Monday, 6 September 2010

Beautiful Baby Competition

Please tell me it's pretty, please don't tell me it's ugly. Look, the ears are symetrical and the eyes are such a pale blue. The hair is so fine and blonde and the skin so soft and pink. The sentences are balanced, the words well chosen and the plot finely honed. Please tell me you like it.

For years I have been telling my students that sending out short stories for publication is like showing your baby to the world and asking for kindness. Your writing is so personal, and so close to your heart, that sending them out is like leaving your baby at the creche for the first day and hoping the other children will play with them.

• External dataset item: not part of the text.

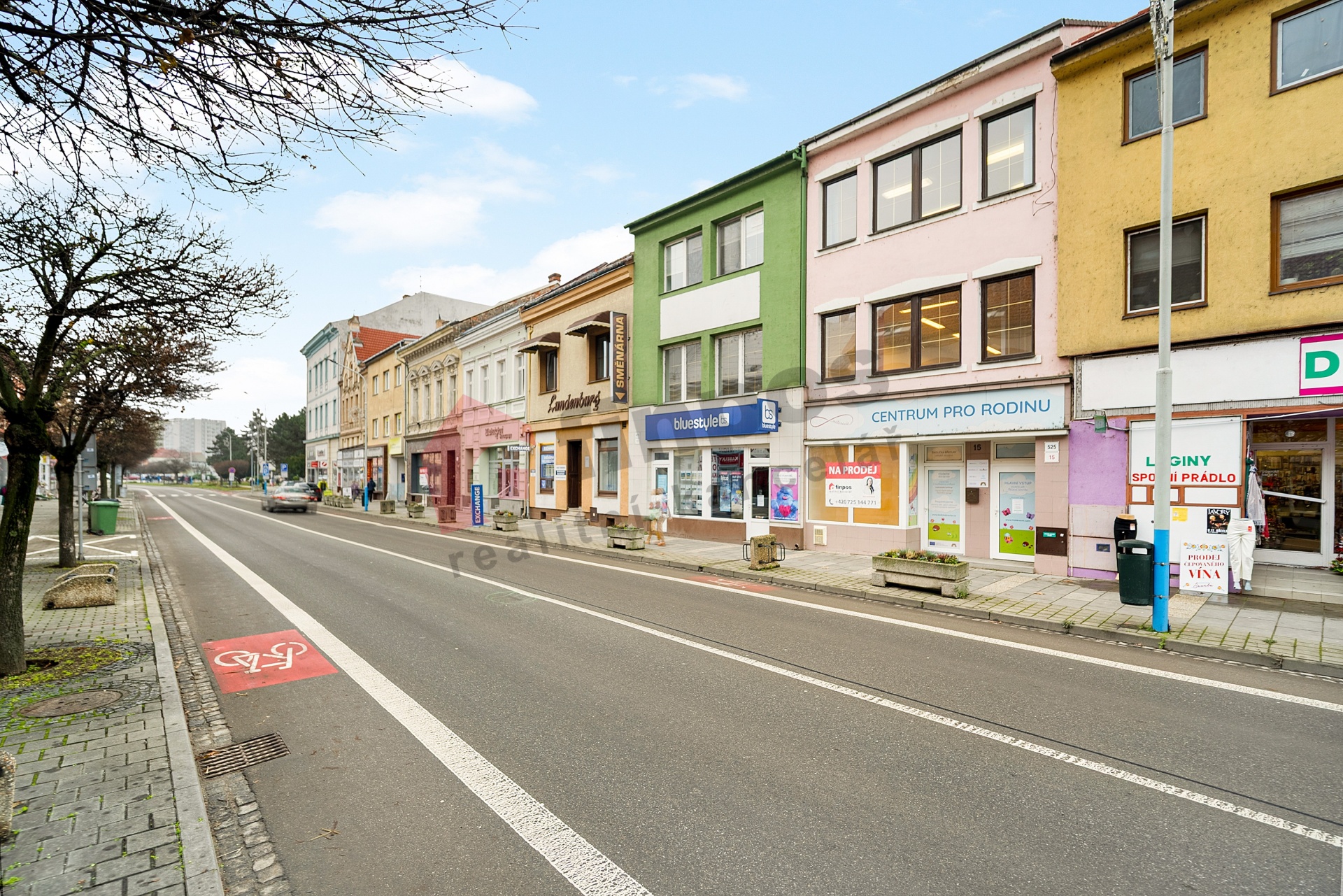 Prodej obchodních prostor 399 m2, centrum Břeclavi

Okay, maybe I'm going a little over the top, but it is nerve wracking!

In the last couple of weeks I have had a story I am particularly fond of rejected. Entitled 'Palimpsest' it was written as a flash fiction, but then honed to make sure all the layers could be read, one through the other. I sent it out in Februrary and it has only just come back, so - with so long to dwell on it - I had innured myself to the possibility of disappontment. It still stings, as all rejections do.

However, at almost the same time the lovely people at Bugged - the eavesdropping project I have waffled on about in previous posts - have accepted a different story, also written as flash fiction and entitled 'The Four' for publication in their anothology which comes out in mid-October. And that eases the sting and warms the heart. They liked my child enough to put his photo in the gallery!

Surrounding these two events I have been researching and reading and editing and rewriting and sending out stories to a variety of places. Over a dozen have gone out in the last week. I know most of them will come back to me to be sent out once again for adoption. But some of them - I hope! - will find good homes where they can grow and prosper. I will, of course, keep you posted.

In amongst all this story work, I have also been working on my novel. I have re-read it, and given it to my girlfriend to read and comment on too (Thanks, Kath!). If you think it's bad having someone read a story, ask them to read a novel. This is far more personal than asking for compliments for your baby. This is asking for your soul to be evaluated. Thankfully, it seems to pass muster (the book, that is, I can't comment on my soul), and now I am onto the work of rewriting and reworking into the second draft. After that, and maybe some more tinkering, it will be time to send that out into the world too. You'll know when that happens as I will be online every five minutes, sharing my worries.

Sometimes I ask why I put myself through this torment, but it's the age old thing. If I write a story and show it to no-one then it might as well not have been written. Only when a story is shared and read does it really exist. And so, it's not so much sending the child out into the world, having a manuscript accepted is the very act of birth itself, giving life to something new.

So, I shall go back to my gestation and let you know as and when the brood increases. I shall push and I shall do my best to remember my breathing. If you'll just hold my hand, mop my brow, and ignore the screams, I think we can get through this.